What Lucky implies with this reference is that since the death of Berkeley, we have become ensconced in the idea of some objective law imposed upon us by God and that this is the cause of our degeneration. However, contrary to somber message of the passage Lucky’s tirade is not without the signature jest and humor we expect from the theatre of the absurd. In fact, the use of puns is liberal; nearly every mention he makes of supposed scholars is a veiled witticism.
The “Puncher and Wattman” mentioned bears a slight resemblance to the actual scholars, the Scottish inventor James Watt and the French mathematician Louis Poinsot but in fact is more commonly seen as a humorous Anglicization of the French words wattman (a tram driver) and poincon (a ticket punch or conductor). Another instance of wordplay takes the form of the names “Testew and Cunard” which is open to a number of interpretations. One is that they are derived from the French names, Testu et Conard.
Another is that they may be seen as a reference to the French tetu et conard which is slang for “mulish and tupid. ” A far more humorous interpretation is that the names echo the French slang words for testicle (testicule) and vagina (con). Finally, Lucky makes a slightly more esoteric pun in mentioning the names “Steinweg and Peterman”. In the case of an English audience the second of the two names may seem humorous do to it’s association with the label, cracksman. To a French audience it may seem humorous due to the fact the French word for flatulence (peter) is strikingly similar to the first half of the name, effectively re-appropriating the scholar as a human representation of a passing of wind.
The obscure part of the pun comes in the fact that both names reference ‘stone’ since stein is German for stone and Peter is derived from the Greek petros, meaning stone. This serves as an indicator of the last beat given that ‘stone’ is mentioned a further seven times in the speech. The ultimate function of all these double entendres is to further emphasize the degradation of man; even in these incredibly austere and profound moments Lucky himself is bathetic. In closing, it is easy to appreciate Lucky’s lecture for what it truly is, a classically absurd and Beckettian soliloquy.

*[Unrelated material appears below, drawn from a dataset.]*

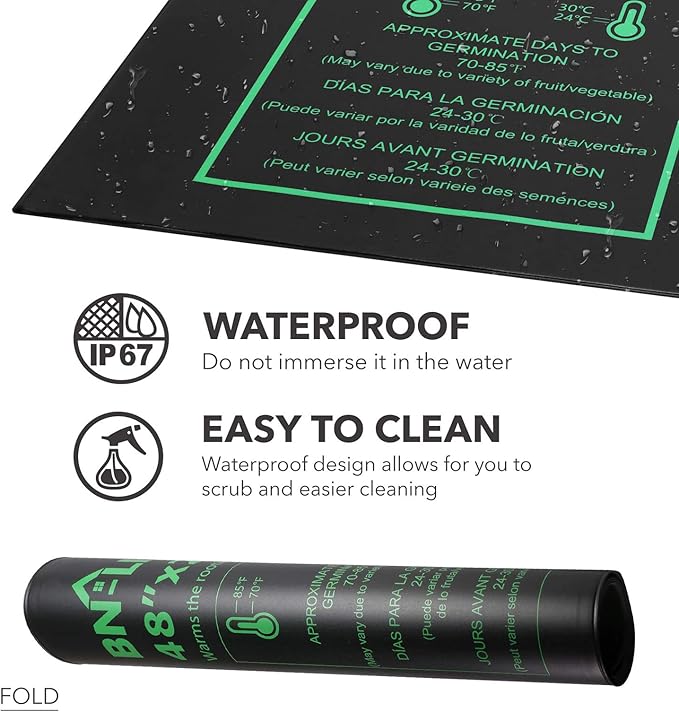 BN-LINK Seedling Heat Mat Heating Pad 48" x 20.75" with Digital Thermostat Controller Combo Set Waterproof for Indoor Seed Starting and Plant Germination - Image 5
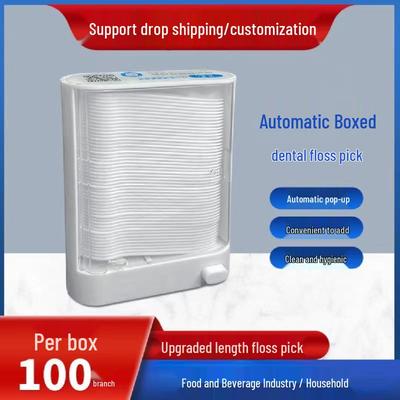 Automatic Floss Dispenser Box with Plastic Floss Sticks - Family Pack Refill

Rife with existentialism and forceful commentary, Lucky delivers his message in a swathe of deterring loquacity. Beckett makes use of interpolative bathos and witticism to remind readers and audiences alike of our supposed cessation and the irrationality of our religious projections. Some may dismiss Lucky’s speech as meaningless drivel but, as is evident, they couldn’t be farther than the truth. While the monologue is not necessarily the nub of Waiting for Godot’s message, there is no disputing that it is the most enthralling and the most memorable.